The Beatles "On Air- Live at the BBC Volume 2" Coming on Four LP 180g Mono LP Set?
The original The Beatles Live at the BBC (a/k/a the "Beeb") issued on both CD and vinyl back in 1994 quickly sold more than five million copies, reaching number one in the UK and number three in America. This new set will be released by Universal Music Enterprises (UMe) on Monday, November 11th on double CD and "vinyl."
The release includes 63 tracks, none of which overlap the first BBC set and features thirty seven previously unreleased performances and twenty three bits of banter between the boys and the BBC hosts.
How all of this will fit on two LPs remains a mystery at this point as we seek clarification from UMe/Apple Corp. Perhaps the LPs will only include the "forty" musical performances headlined in the press release, but that puts ten songs on each side. Unless they are very short, or very dynamically compressed, it doesn't seem possible.
From the press release: "Thrilled to hear these exciting recordings again, Paul McCartney said, 'There’s a lot of energy and spirit.
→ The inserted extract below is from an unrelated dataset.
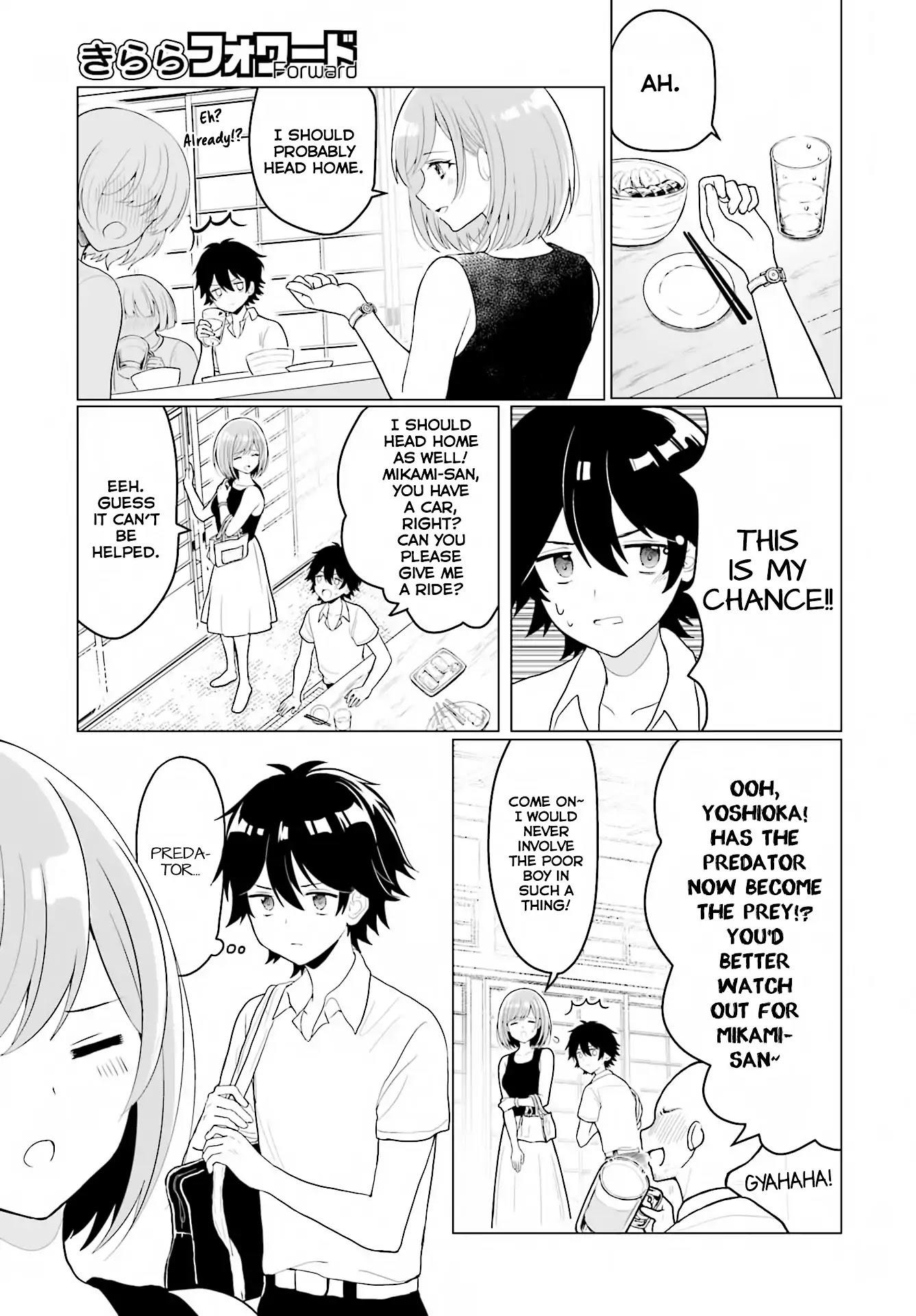 Mikami-san wo Furimukasetai Chapter 0 page 3 - Chapter 0: Oneshot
We are going for it, not holding back at all, trying to put in the best performance of our lifetimes.'"
Ten of On Air’s songs were never recorded by the group for EMI in the 1960s, including two making their debuts with the new release: The Beatles’ direct-to-air performance of Chuck Berry’s “I’m Talking About You” and a rocking cover of the standard “Beautiful Dreamer.” On Air also includes different versions of six rarities heard on the 1994 BBC collection: Little Richard’s “Lucille,” Chuck Berry’s “Memphis, Tennessee,” Chan Romero’s “The Hippy Hippy Shake,” Ray Charles’ “I Got A Woman,” and two songs they learned from records by Carl Perkins, “Glad All Over” and “Sure To Fall.”
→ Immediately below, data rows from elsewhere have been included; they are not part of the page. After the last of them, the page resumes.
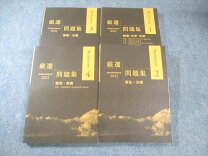 楽天市場】薬剤師国家試験 メディセレの通販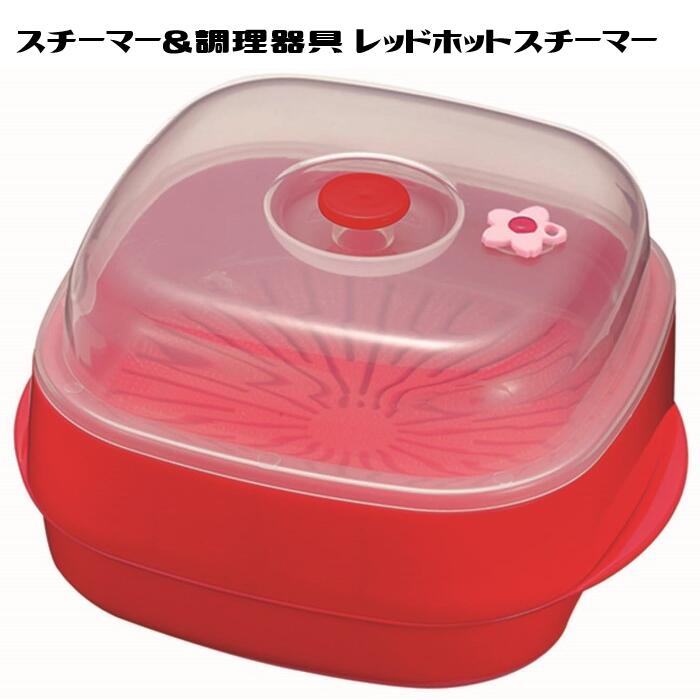 Hirayama 低温調理器 スチーマー 30cm 新品未使用 蒸し器 51ooaSEWQUL._UF894,1000_QL80_.jpg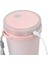 Elektrikli Meyve Sıkacağı Bardağı Taşınabilir Meyve Sıkacağı Bardağı 300ML Ev Için Yurt Için Seyahat Için (Yurt Dışından) 3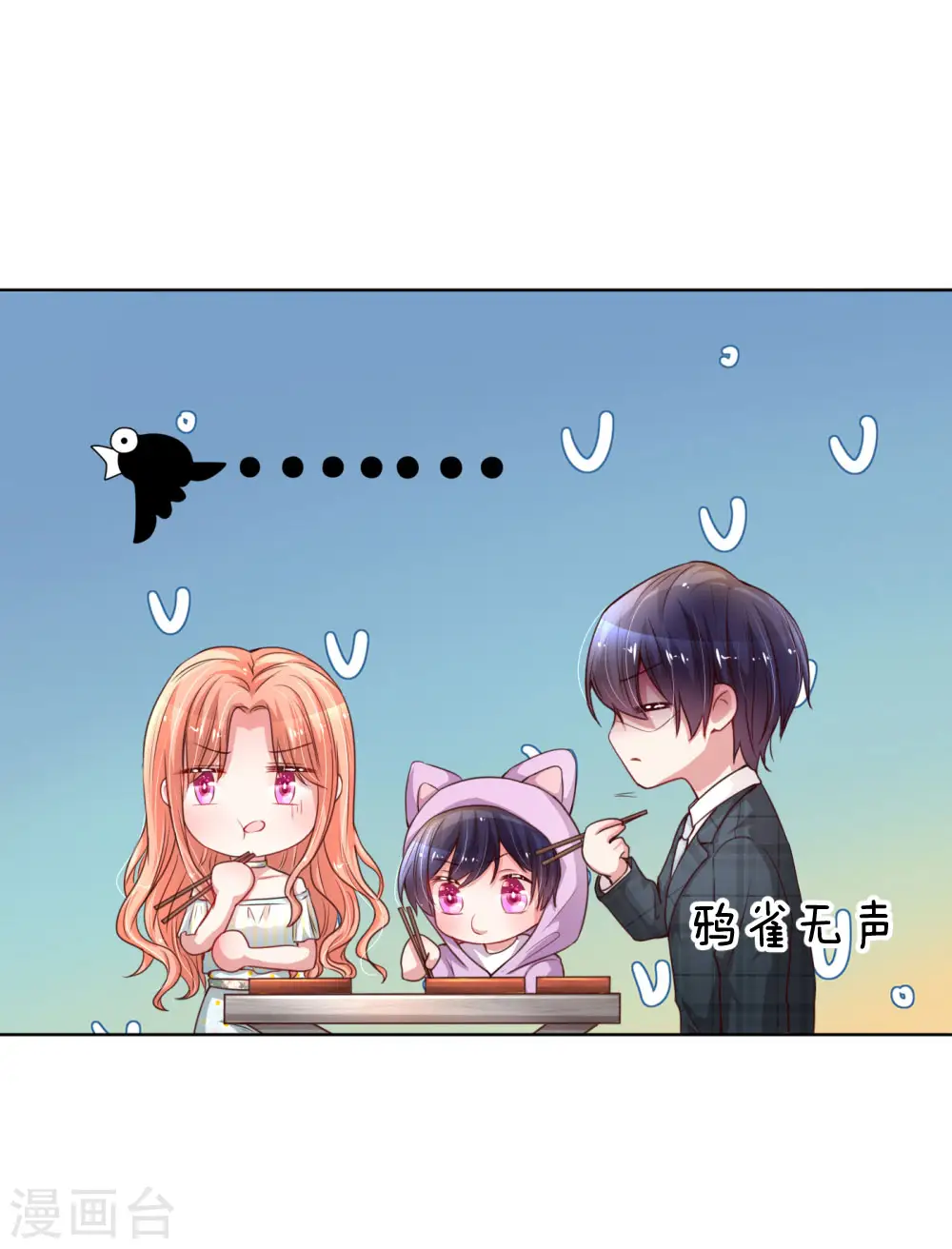 第44话 在一起才是重点 第14页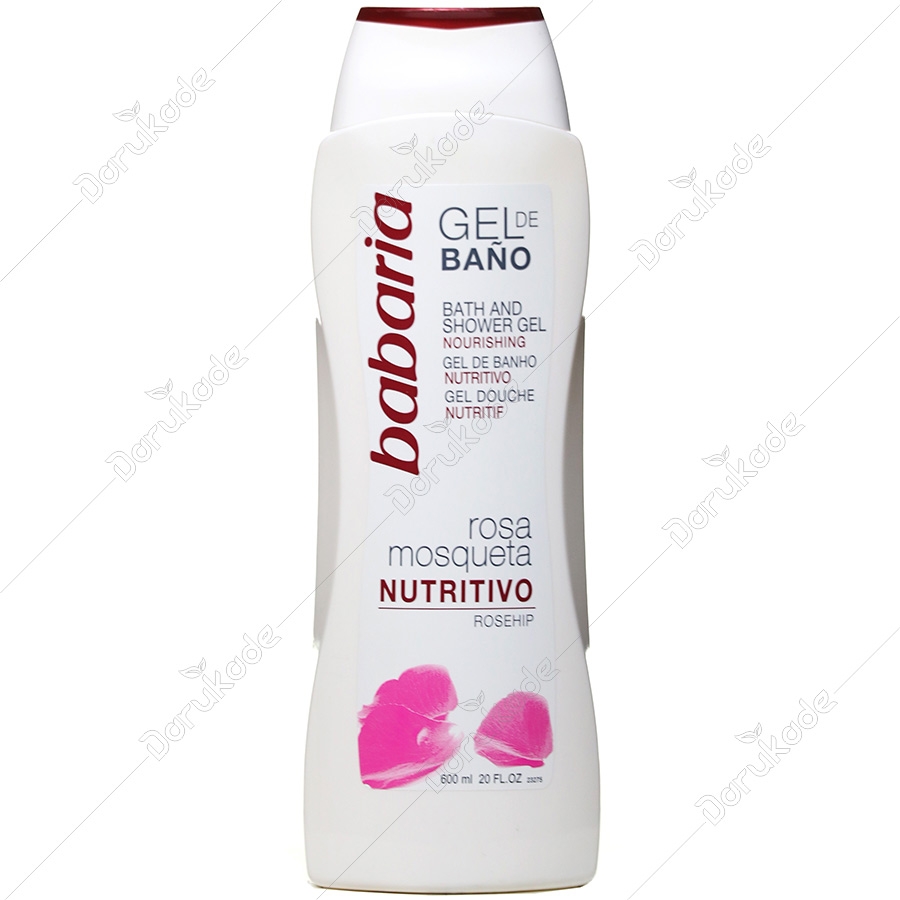 شاور ژل حاوی روغن رزا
Between March 1962 and June 1965, no fewer than 275 unique musical performances by The Beatles were broadcast by the BBC in the U.K. The group played songs on 39 radio shows in 1963 alone. Ringo Starr said in 1994, “You tend to forget that we were a working band. It’s that mono sound. There were usually no overdubs. We were in at the count-in and that was it. I get excited listening to them.” On their busiest BBC day, July 16, 1963, The Beatles recorded 18 songs for three editions of their "Pop Go The Beatles" series in fewer than seven hours.
On Air also features BBC recordings of 30 well-loved songs from The Beatles’ catalogue, including five number ones and other favorites such as: “I Saw Her Standing There,” “Twist And Shout,” “Do You Want To Know A Secret,” “Boys,” “Please Mister Postman,” “Money,” “And I Love Her,” and “If I Fell.”
The first volume is also being reissued and "sounding better than ever", though the press release did not state whether or not it too will be issued on vinyl, nor did it state who mastered the new set's vinyl or where it will be pressed.